Episode 7: It’s a sushi showdown at Ki on “Chef Artois”
Tune in below for a taste of our new culinary miniseries
Episode 7 of “Chef Artois,” hosted by Pay Chen, takes us to Ki Modern Japanese. This buzzing Bay Street destination known for its contemporary menu that puts a distinctively Toronto spin on sushi, yakitori and izakaya classics.
Ki’s kitchen is helmed by Hing Wong, a chef known for his creative panache. Torontonians are huge fans of Wong’s bold flavours, innovative techniques and irreverent makimono creations that incorporate unusual ingredients. His bigeye tuna roll, for instance, is a tantalizing combination of sweet (mango and kiwi), spicy (tomato salsa) and hot (karashi miso) elements. Today, Wong will be asking the “Chef Artois” contenders to re-create a modern Japanese triptych.
Home cooks Mat Mailandt and Falana Huggins will be facing the most daunting “Chef Artois” challenge to date. They’ll have just one hour to create not one, but three Ki dishes—two items from the sushi bar (modern makimono and new-wave nigiri), as well as a hot appetizer (haute gyoza). It’ll be no small feat to re-create these complex recipes, let alone to get them all done within the allotted time.
All three dishes necessitate culinary dexterity. Both the salmon maki roll (made with crispy leeks, avocado, arugula and pickled kohlrabi) and the nigiri (topped with espresso-soaked butterfish) demand pyrotechnical prowess, as they’re both seared with a blowtorch. The gyoza, meanwhile, will require fineness. Stuffed with minced, red miso-seasoned pork belly, these delicate dumplings can be a nightmare to fold. The silk-thin wrappers can easily burst, if overstuffed.
With 60 minutes on the clock, contestants Mailandt and Huggins step up to the chopping block and the Japanese tripleheader begins.
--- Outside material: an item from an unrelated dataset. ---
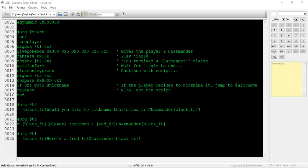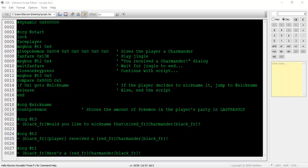Next we need to ask the player if he or she wants to give it a nickname. If not, we'll just end the script. If so, we'll start a new pointer section called at nickname. The first thing to write is the command count Pokemon. This command will store the amount of Pokemon in the player's party in lastResult. Before we continue further, I need to go over one thing.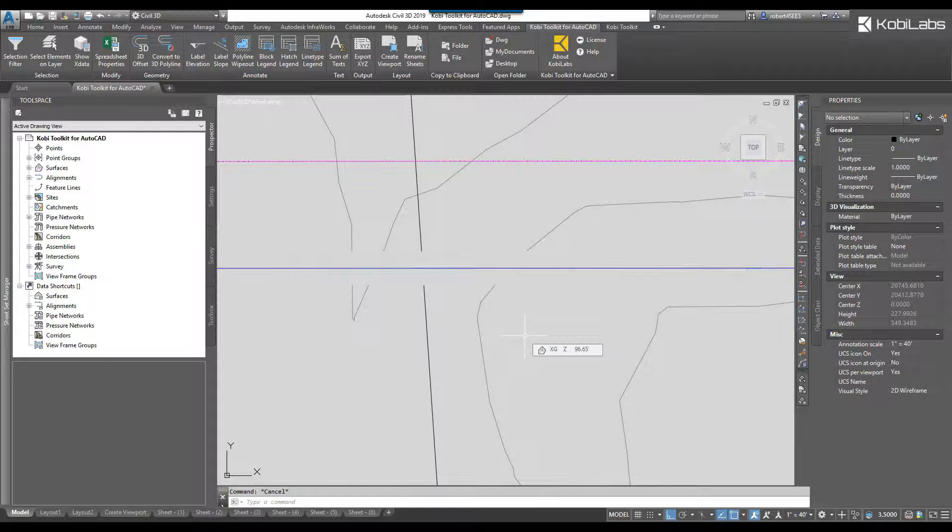This concludes this short video on the polyline wipeout command which is part of the COBE toolkit for AutoCAD.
This competition asks these two home cooks to be both sushi masters and dumpling experts, as well as phenomenal time managers. It’s a lot to ask. To find out who will triumph and be named the next Chef Artois, tune in above.
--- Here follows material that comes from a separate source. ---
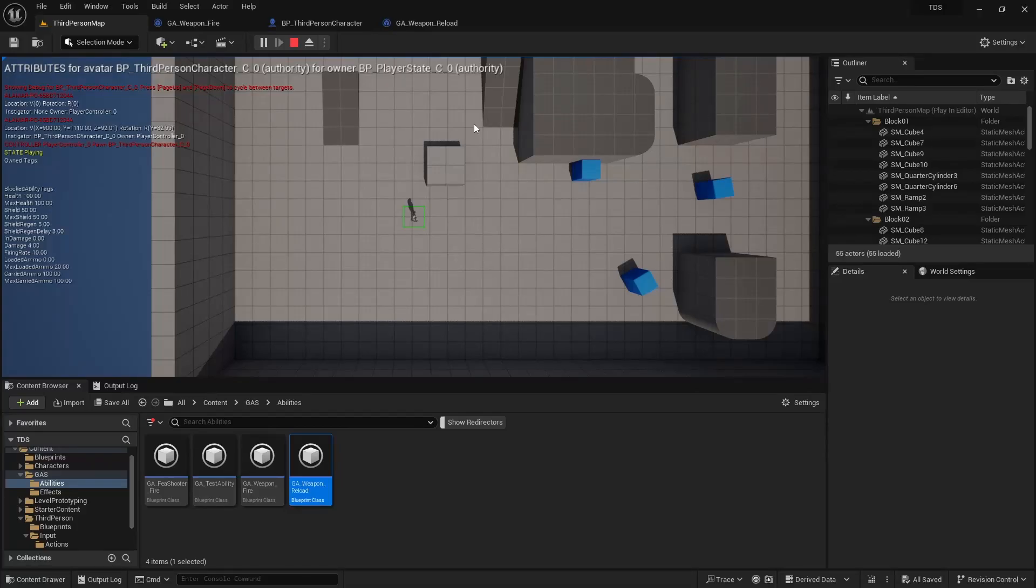Hello and welcome to Let's Make a Top-Down Shooter. This video is about weapon, ammo, and reloading.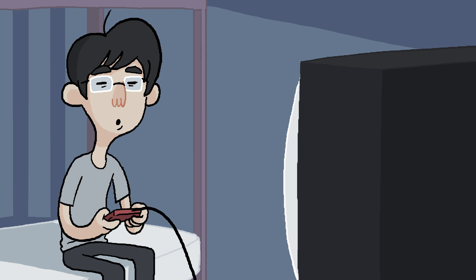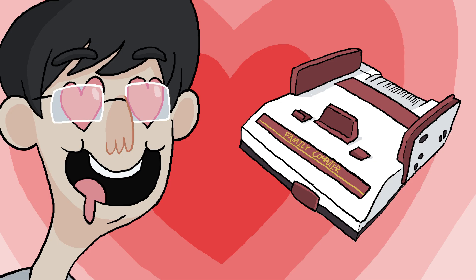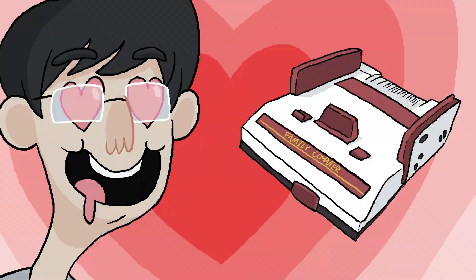Before he became a superstar game designer, Hideo Kojima was a university student studying economics, but it was during his time in college when he discovered the Famicom, and it was love at first sight.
This bite-sized series—episodes are a satisfying 12 minutes long—was created in support of Rally for Restaurants, an initiative founded by Stella Artois to help support the restaurant industry as it rebuilds in the wake of the pandemic. In each weekly episode, two home cooks will step inside the kitchen of a Toronto restaurant to compete for the title of Chef Artois and win a $1,000 prize pack.
How to make Ki’s torched salmon makimono
Makes one roll
- ½ sheet pink soy paper
- ½ small avocado (about 60 grams), cut into thin strips lengthwise
- 30 grams arugula
- 30 grams pickled kohlrabi, cut into 10-centimer strips
- 60 grams sockeye salmon, finely chopped
- 2 tbsp spicy karashi sauce (see recipe below)
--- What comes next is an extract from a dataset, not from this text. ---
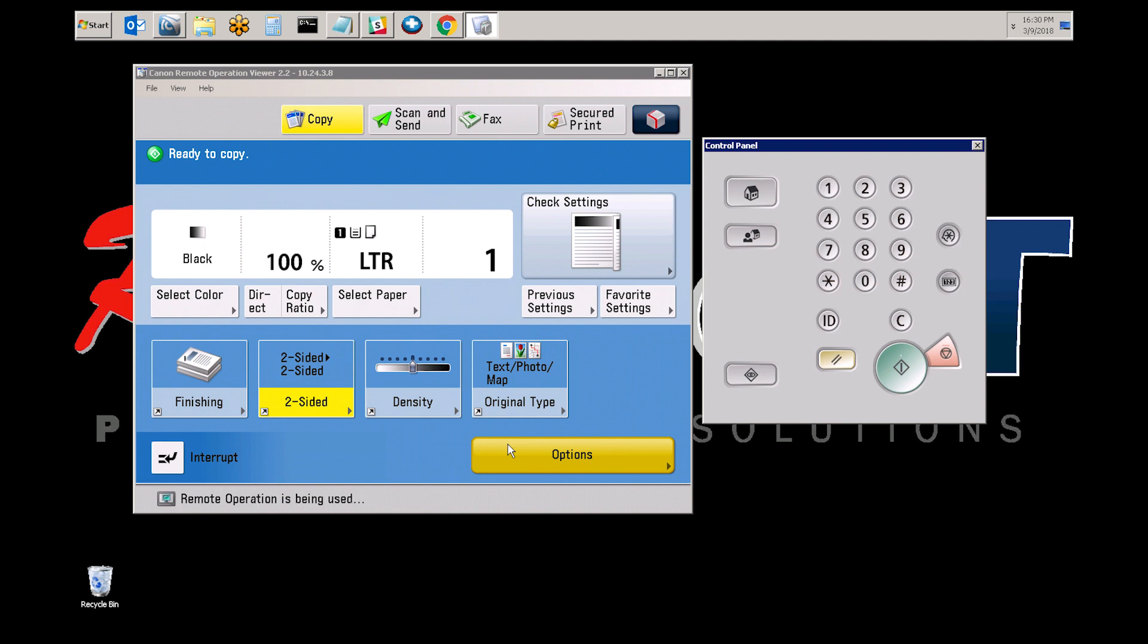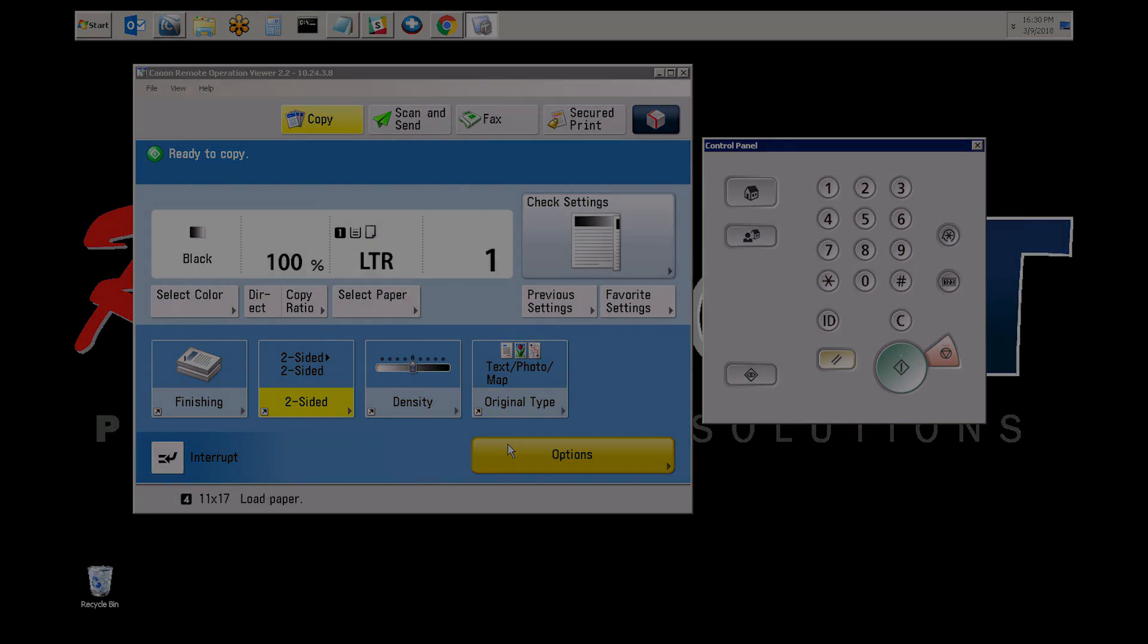This adjustment will also change at the timer interval, so if the copier has a two-minute timer, the last job that was sent on the copier will reset back to these defaults. This concludes our video. Thank you.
- Chives, chopped (for garnish)
- Fried leeks (for garnish)
- 65 grams sushi rice, seasoned and room temperature
Torched salmon roll recipe
- On a bamboo sushi mat, place the half sheet of pink soy paper.
- Wet your fingers, then place sushi rice on the soy paper. Working quickly, spread the rice so that it covers the soy paper. Leave a small, half-centimeter strip at the end of the paper.
- Arrange the avocado, arugula, kohlrabi inside the center of the rice. Place them neatly and evenly so each bite has the same amount of filling. Don’t over stuff your rolls—this will make it harder to shape.
- Next, form the makimono into a roll using the bamboo mat. Once satisfied with the shape of your roll, square off the top of the roll with the bamboo mat, creating a flat surface on which to place the salmon.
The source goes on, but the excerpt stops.